Les réformes qui auront lieu devront intégrer, impérativement, cette réalité. Ca ne veut pas dire que Bruxelles doit être isolée, qu’elle doit vivre dans son île ! Elle a la responsabilité d’avoir des relations avec les deux autres Régions et j’insiste sur ces deux autres Régions. Depuis des années, une solidarité importante existe entre les Wallons et les francophones Bruxellois. Elle s’est très nettement renforcée ces dernières années à la fois sur la forme et sur le fond. Sur la forme, la reconnaissance et le plaidoyer pour reconnaître à Bruxelles son statut plein et entier se sont multipliées de la part des  autorités wallonnes. Sur le fond, des gouvernements conjoints abordent régulièrement sur pied d’égalité et dans une logique de coopération des enjeux aussi fondamentaux que l’enseignement, l’enfance, la politique des personnes handicapées, l’ensemble des compétences que l’on veut voir échapper à un e logique purement marchande…

Cette collaboration se limite pour l’instant aux gouvernements francophones de nos deux Régions. Je suis convaincu que nous devons aller beaucoup plus loin et que le Gouvernement bruxellois doit dans l’ensemble de ses compétences économiques, environnementales, de mobilité, de logement et j’en passe, mener le même travail de collaboration.

Ce travail devrait aussi être mené dans la même logique avec le Gouvernement flamand. Je pense que tous les Bruxellois sont prêts à le mener. J’espère que les membres du Gouvernement flamand saisiront cette main tendue pour mener dans l’intérêt des habitants et des entreprises de nos Régions les politiques modernes, ambitieuses et cohérentes auxquelles ils ont droit.

Construire la Belgique de demain ne pourra se refonder que sur les bases de confiance, de respect et de coopération que je viens d’évoquer. Personne ne peut rester sur ses acquis, sur ses prétentions unilatérales, sur ses égoïsmes. Chacun doit faire une part du chemin pour rechercher une solution équilibrée et donc durable. Nous sommes prêts à le faire avec responsabilité.

Ces dernières années, nous avons eu beaucoup de peine à montrer que l’Union faisait la force de la Belgique. Pour autant, ne soyons pas honteux de cette Belgique. Il suffit de faire quelques kilomètres en dehors de notre pays pour nous rendre compte en revenant de l’immense valeur de ce qui a été construit jusqu’à présent. Et si aujourd’hui, certains ont du mal avec la devise nationale, réussissons au moins à rester « Unis dans la diversité » et faisons notre cette devise européenne.
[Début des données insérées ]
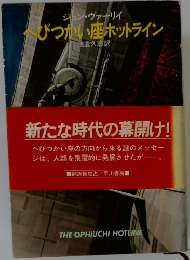 へびつかい座ホットライン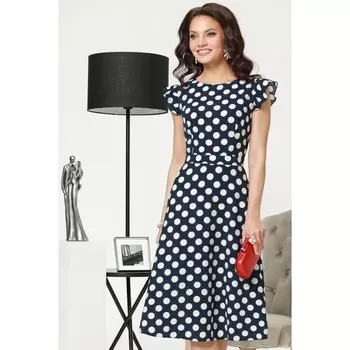 Платье «Летнее преображение», размер 44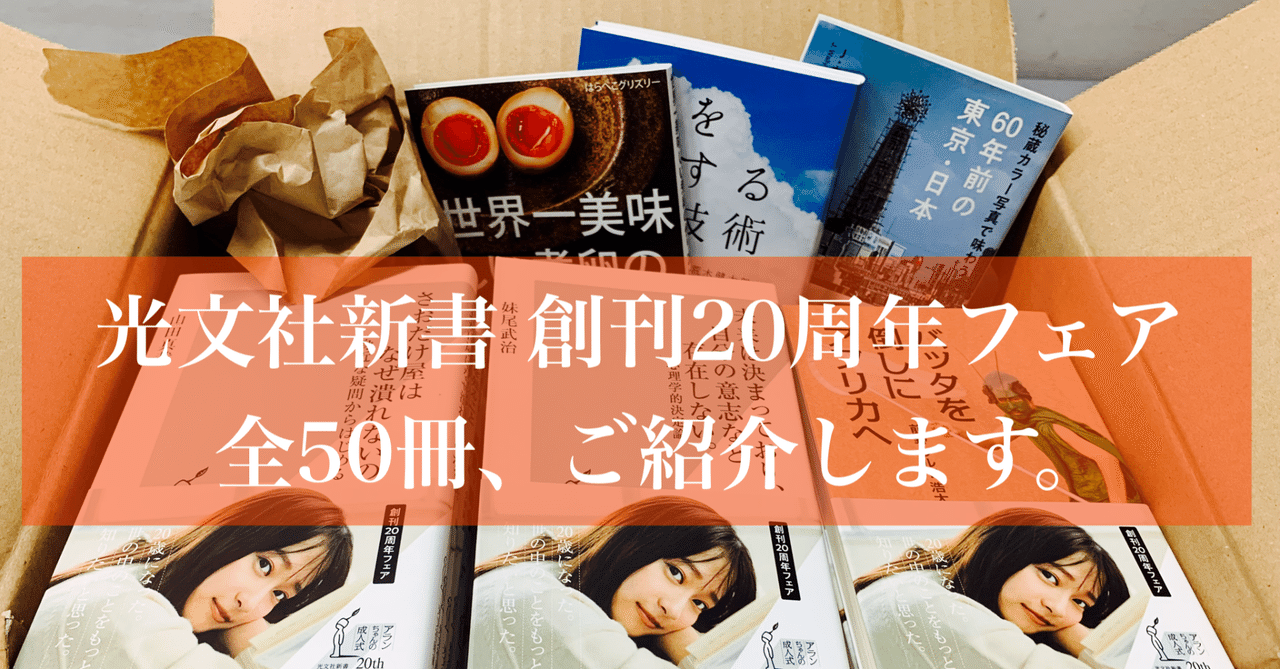 光文社新書 創刊20周年フェア！対象50書目＆主な開催書店のご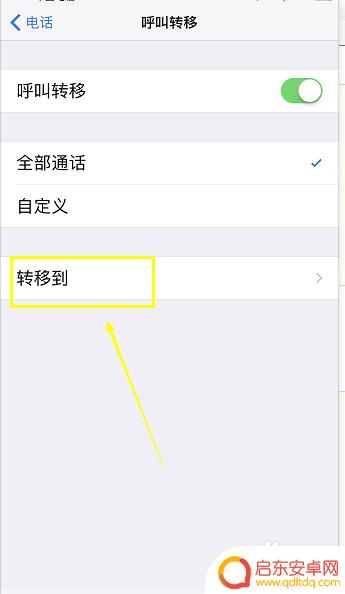 苹果8P手机如何通话转换 iPhone8呼叫转移设置方法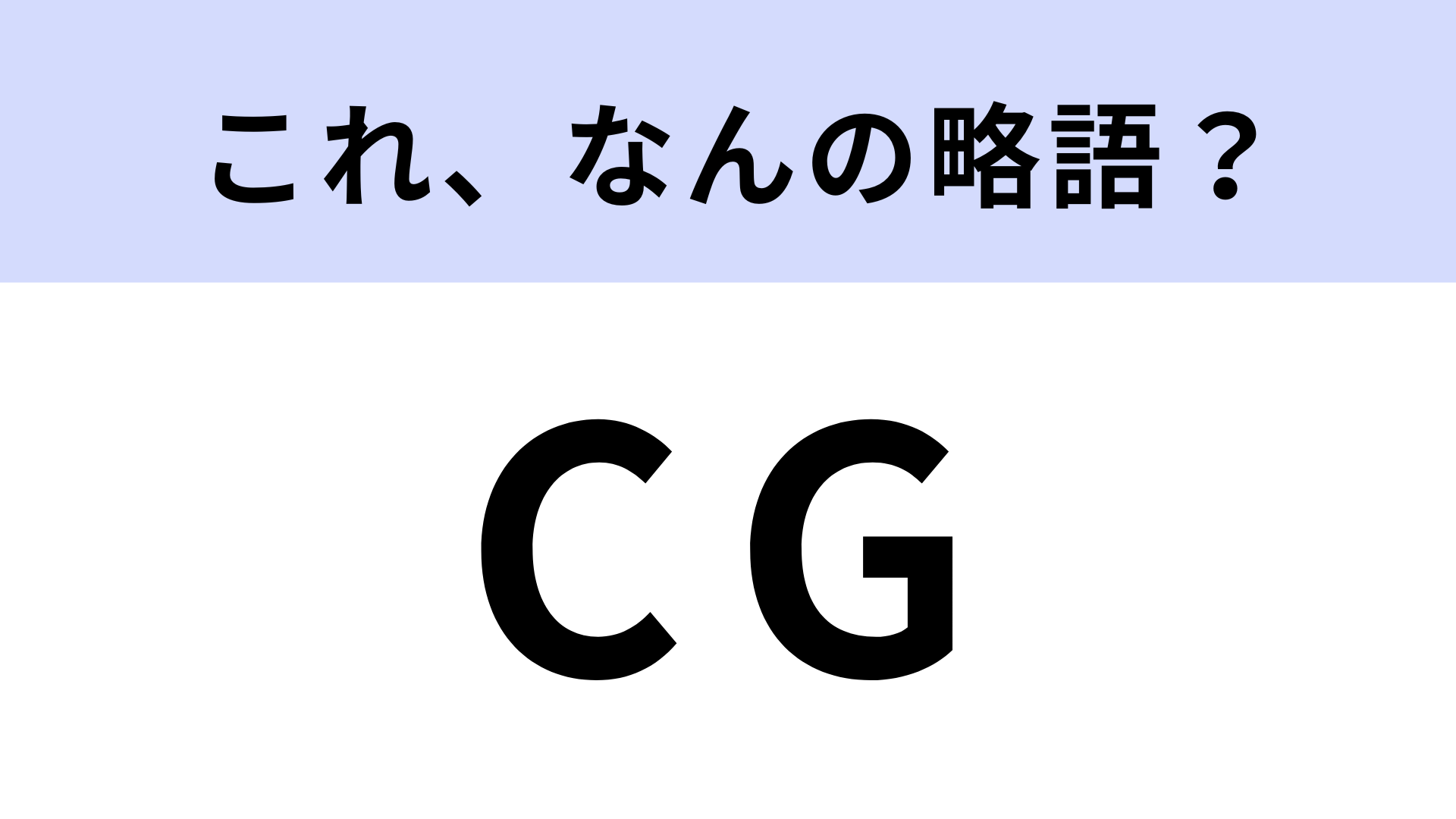 「CG」はなんの略？アナログ作業だけではできない表現！【略語クイズ】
Pour conclure, je voudrais adresser mes remerciements à toutes les femmes et les hommes qui travaillent dans les institutions, associations, écoles, maisons d’accueil, administrations qui dépendent d’une façon ou d’une autre de la Commission communautaire française. Dans la situation économique à laquelle sont confrontés une partie trop importante de notre population, vous accomplissez un travail précieux indispensable, et la plupart du temps dans des conditions difficiles. A vous toutes et à vous tous, je vous adresse la reconnaissance de l’ensemble des membres du Gouvernement.